**WHAT THIS TASK INVOLVES**
Copy out, from the data below, each line in which the word "sono" occurs.

**Captioned web image data**
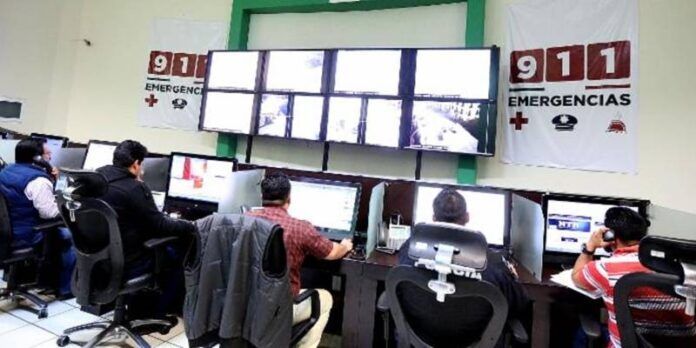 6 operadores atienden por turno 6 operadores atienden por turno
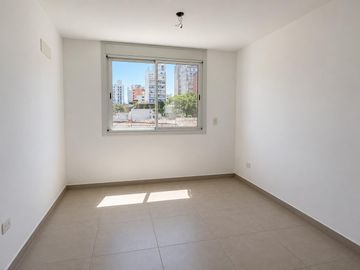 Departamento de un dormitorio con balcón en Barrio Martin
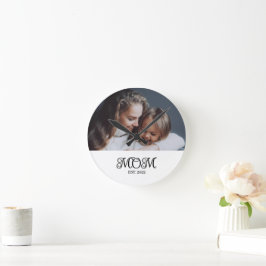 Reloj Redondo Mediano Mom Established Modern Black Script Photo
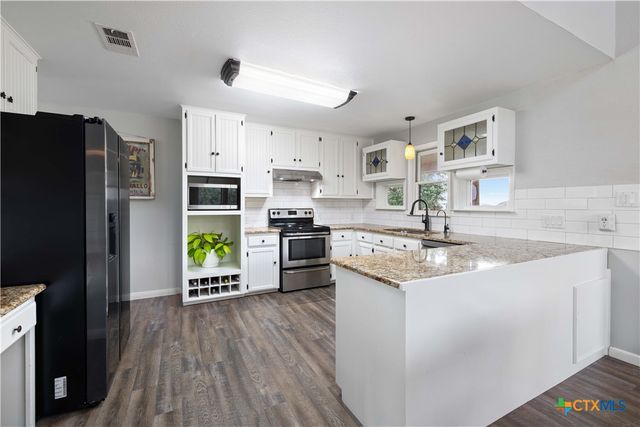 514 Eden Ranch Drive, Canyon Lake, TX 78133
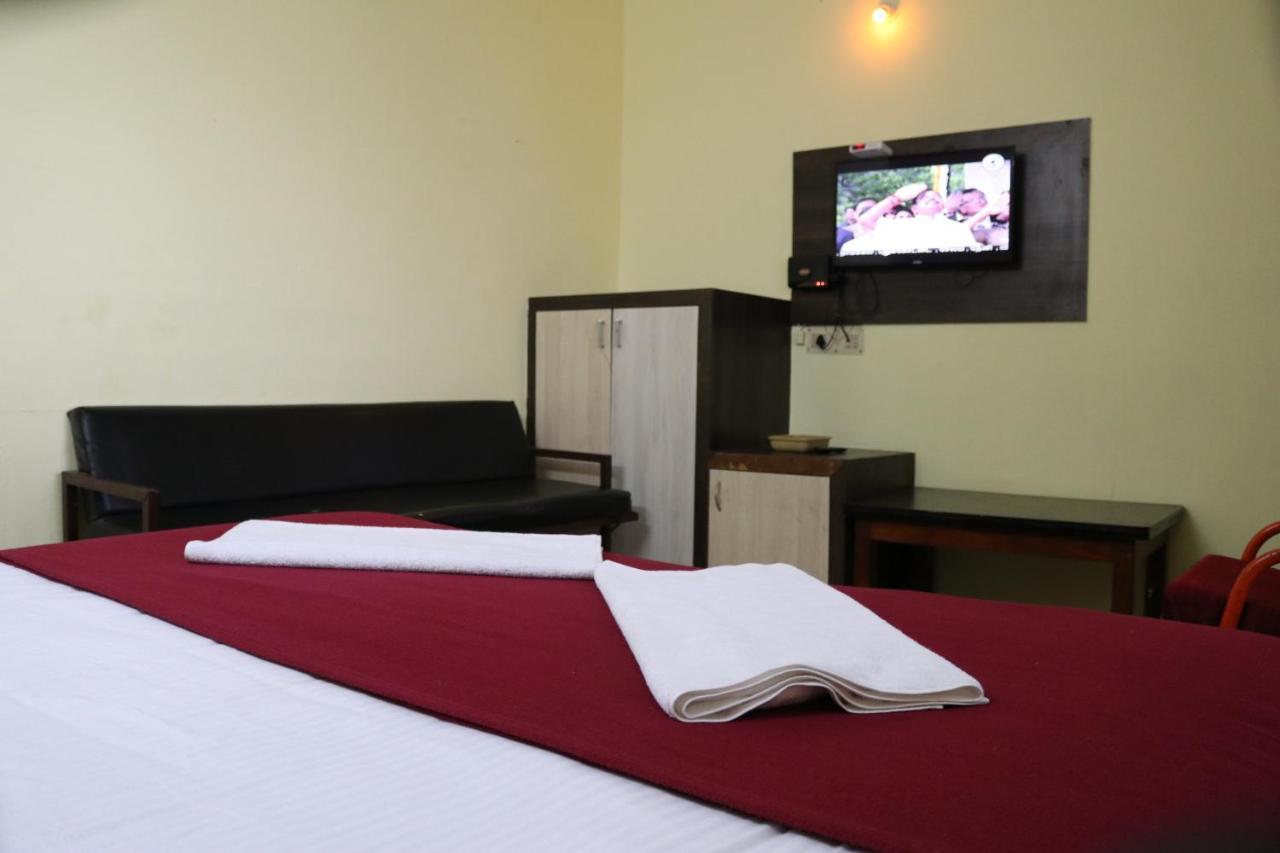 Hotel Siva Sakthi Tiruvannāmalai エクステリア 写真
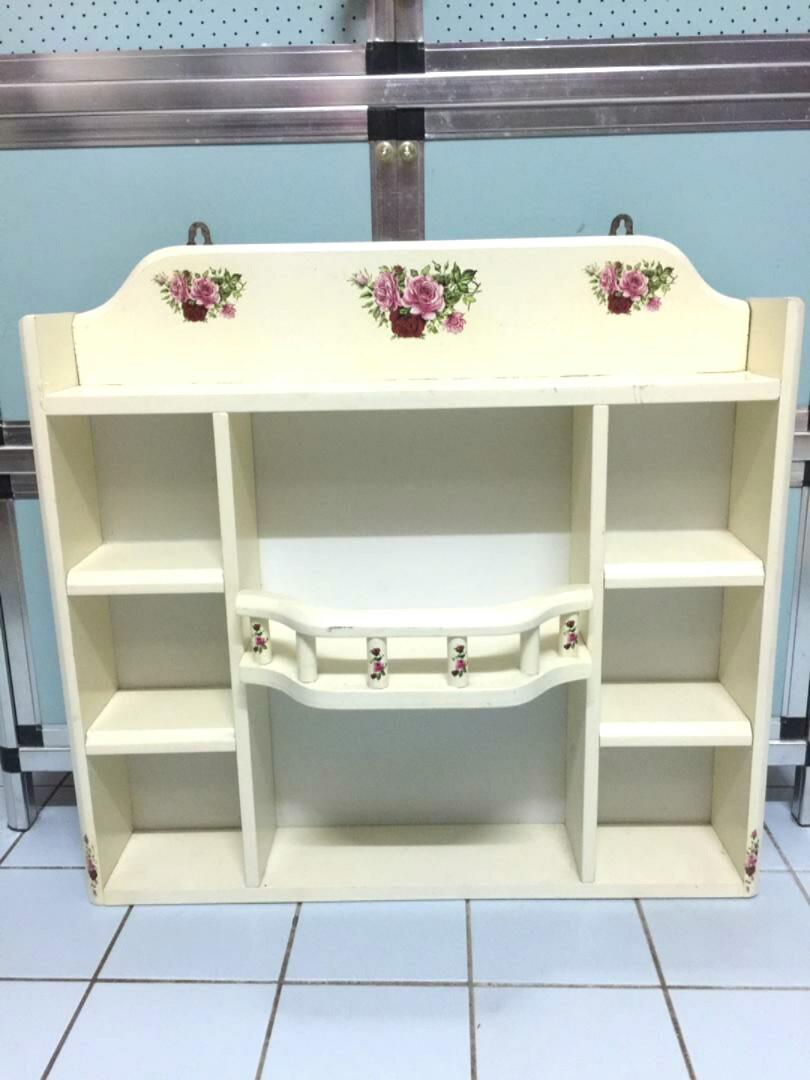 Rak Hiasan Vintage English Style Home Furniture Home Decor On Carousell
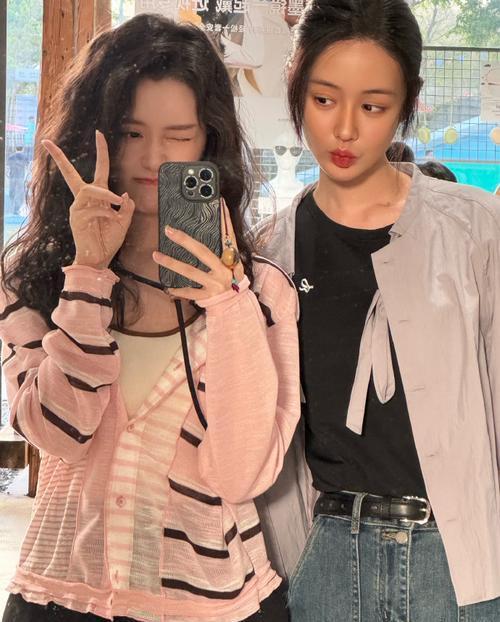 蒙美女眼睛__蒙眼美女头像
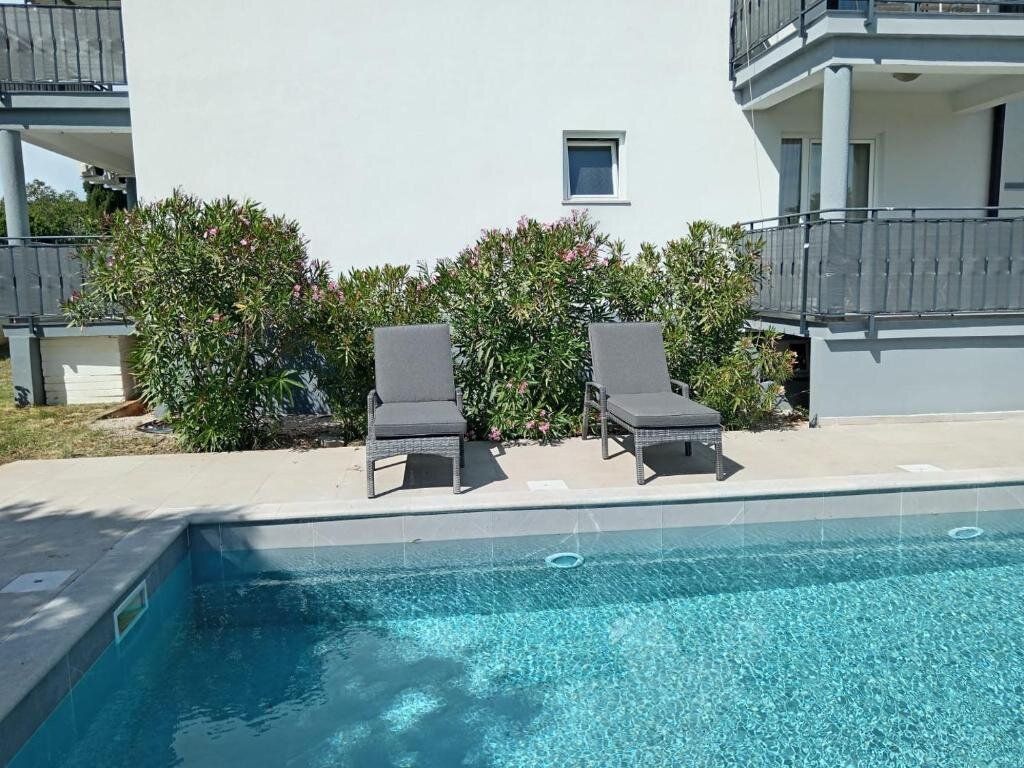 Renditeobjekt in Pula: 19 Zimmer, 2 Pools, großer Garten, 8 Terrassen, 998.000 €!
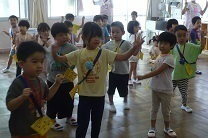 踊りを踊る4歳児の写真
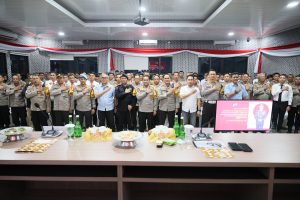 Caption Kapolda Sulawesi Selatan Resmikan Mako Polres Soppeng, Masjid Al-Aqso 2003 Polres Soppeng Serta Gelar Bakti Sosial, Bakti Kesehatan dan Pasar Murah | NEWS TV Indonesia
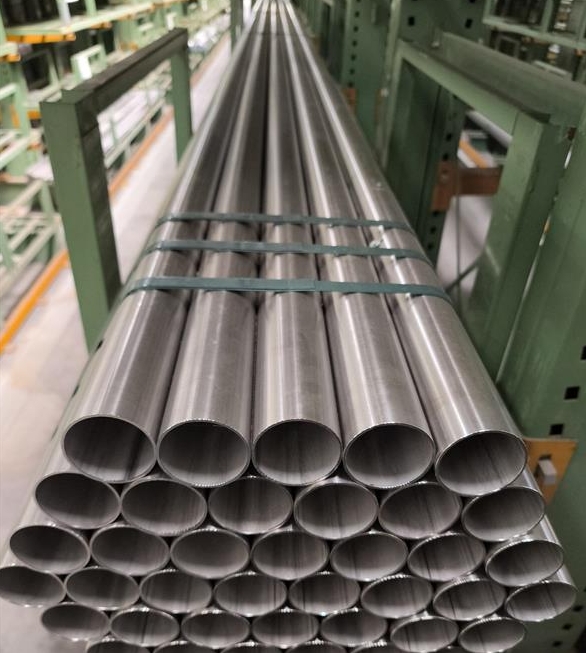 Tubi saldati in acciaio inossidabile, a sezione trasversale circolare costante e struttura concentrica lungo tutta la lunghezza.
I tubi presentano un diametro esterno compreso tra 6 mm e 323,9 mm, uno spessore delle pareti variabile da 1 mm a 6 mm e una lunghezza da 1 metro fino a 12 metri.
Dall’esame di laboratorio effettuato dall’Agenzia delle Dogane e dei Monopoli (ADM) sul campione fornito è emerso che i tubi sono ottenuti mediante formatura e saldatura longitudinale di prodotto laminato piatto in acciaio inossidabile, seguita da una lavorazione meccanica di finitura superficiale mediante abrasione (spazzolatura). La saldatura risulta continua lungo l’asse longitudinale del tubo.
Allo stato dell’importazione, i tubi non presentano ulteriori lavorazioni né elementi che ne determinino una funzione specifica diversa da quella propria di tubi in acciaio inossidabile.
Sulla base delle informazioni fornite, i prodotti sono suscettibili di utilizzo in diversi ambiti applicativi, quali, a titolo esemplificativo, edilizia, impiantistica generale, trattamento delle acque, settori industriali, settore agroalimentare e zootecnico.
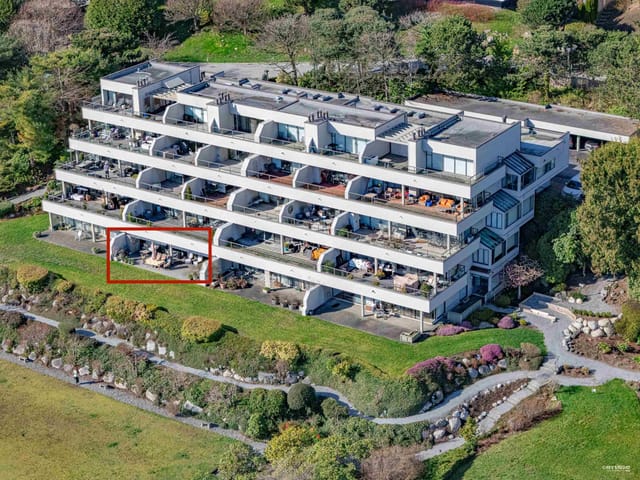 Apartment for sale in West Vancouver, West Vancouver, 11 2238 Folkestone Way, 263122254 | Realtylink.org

**COMPLETED EXERCISE**
Dall’esame di laboratorio effettuato dall’Agenzia delle Dogane e dei Monopoli (ADM) sul campione fornito è emerso che i tubi sono ottenuti mediante formatura e saldatura longitudinale di prodotto laminato piatto in acciaio inossidabile, seguita da una lavorazione meccanica di finitura superficiale mediante abrasione (spazzolatura). La saldatura risulta continua lungo l’asse longitudinale del tubo.
Sulla base delle informazioni fornite, i prodotti sono suscettibili di utilizzo in diversi ambiti applicativi, quali, a titolo esemplificativo, edilizia, impiantistica generale, trattamento delle acque, settori industriali, settore agroalimentare e zootecnico.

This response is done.